I have tried to find a general formula outlining the algorithm of operation that is $x^n$, however, it was much harder than I thought. I ended up with a pretty big monster of an equation that takes into account positive, negative and non-integer exponents. Here it is: $$x,n \in \Bbb R, \quad0^0=1$$ $\equiv$
$$x^{\pm n} = ((\prod_{k=1}^{\lfloor n \rfloor} k^0 \times x + 0^{\pm1\times\lfloor n \rfloor})\times (\sqrt[\frac{1}{\{n\}+0^{\pm1\times\{n\}}}] \frac{x^{1+\lceil\{n\}\rceil}}{x})\times 0^{(\pm1 \times n)\mp (\pm1 \times n)}) + ((1\div(\prod_{k=1}^{\lfloor n \rfloor} k^0 \times x + 0^{\pm1\times\lfloor n \rfloor})) \times (1 \div (\sqrt[\frac{1}{\{n\}+0^{\pm1 \times\{n\}}}] \frac{x^{1+\lceil\{n\}\rceil}}{x} ))\times 0^{n\pm n})$$
Two questions:
Is this formula correct? I have checked it with a calculator, but checking through a program like Mathematica would be safer.

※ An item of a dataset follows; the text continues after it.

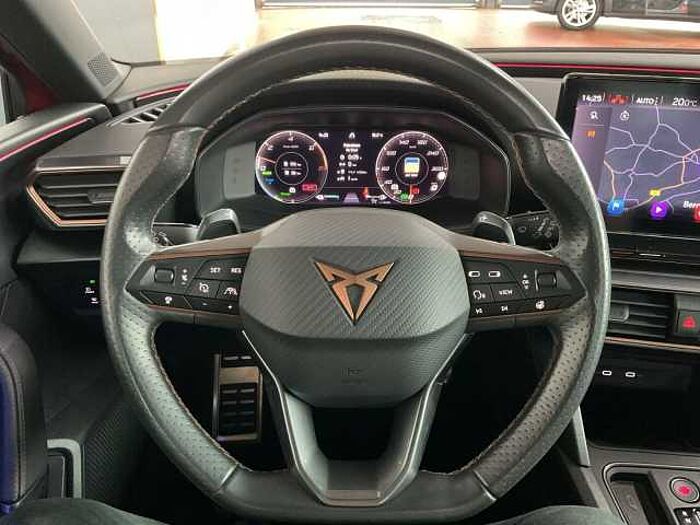 CUPRA Leon ST VZ 1.4 e-Hybrid DSG LED+NAVI+PANO+ACC+KAM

Does there exist another and/or better general formula for a real number raised to the power of a real number (I have yet to integrate imaginary and complex numbers into this formula)? If not, has this one been found before?

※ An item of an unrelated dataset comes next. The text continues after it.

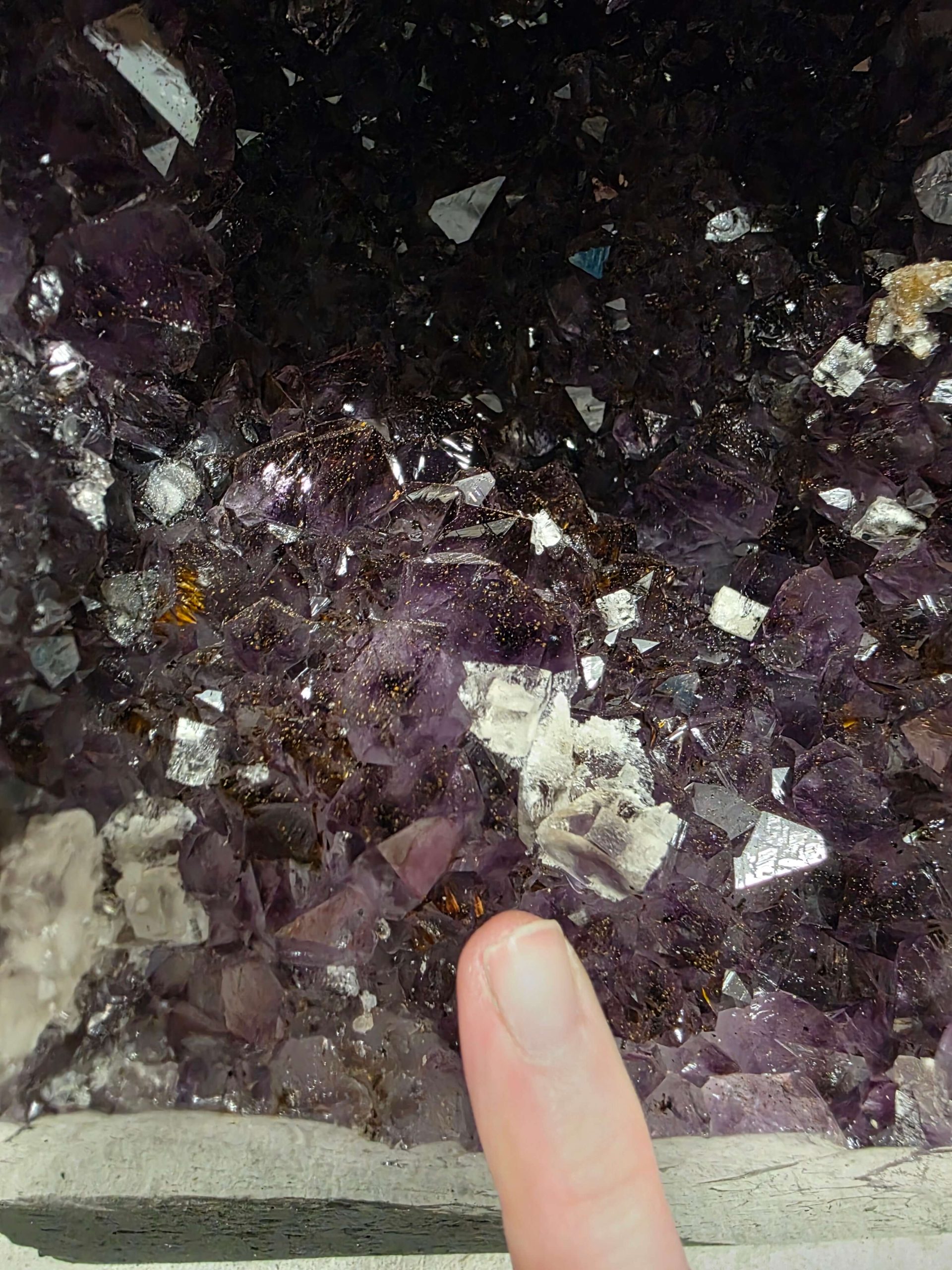 Amethyst Geode 1103 6-9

PS, some of the parentheses are just there for clarity. If anyone finds these mathematically superfluous parentheses distracting, I'll remove them.

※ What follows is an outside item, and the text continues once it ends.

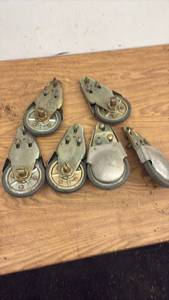 lot 90 image: Set of 5 Heavy Duty Swivel Industrial Caster Wheels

There is a much easier way. $$a^{b} =\begin{cases} \text{undefined} & a=b=0\\ 0 & a=0,b\neq 0\\ 1 & a\neq 0,b=0\\ \exp( b\log a) & a\neq 0,b\neq 0 \end{cases}$$ This works for more general $a,b\in\mathbb{C}$ as well. To compute $\exp$ one can use $$\exp z=\sum_{k=0}^\infty \frac{z^k}{k!}$$ And to compute $\log$ one can use $$\log z=\log |z|+i\operatorname{arg}z$$ Where $\arg$ is the principal argument. Letting $x,y\in\mathbb R$ the definition is $$\arg( x+iy) =\begin{cases} \arctan( y/x) & x >0\\ \arctan( y/x) +\pi & x< 0,y\geq 0\\ \arctan( y/x) -\pi & x< 0,y< 0\\ \pi /2 & x=0,y >0\\ -\pi /2 & x=0,y< 0\\ \text{undefined} & x=y=0 \end{cases}$$ And for $x\in\mathbb R_+$ one can use the integral definition of the logarithm: $$\log x=\int_1^x \frac{1}{t}\mathrm dt$$ This is the standard definition of exponentiation and I think avoids a lot of the confusion present in your approach.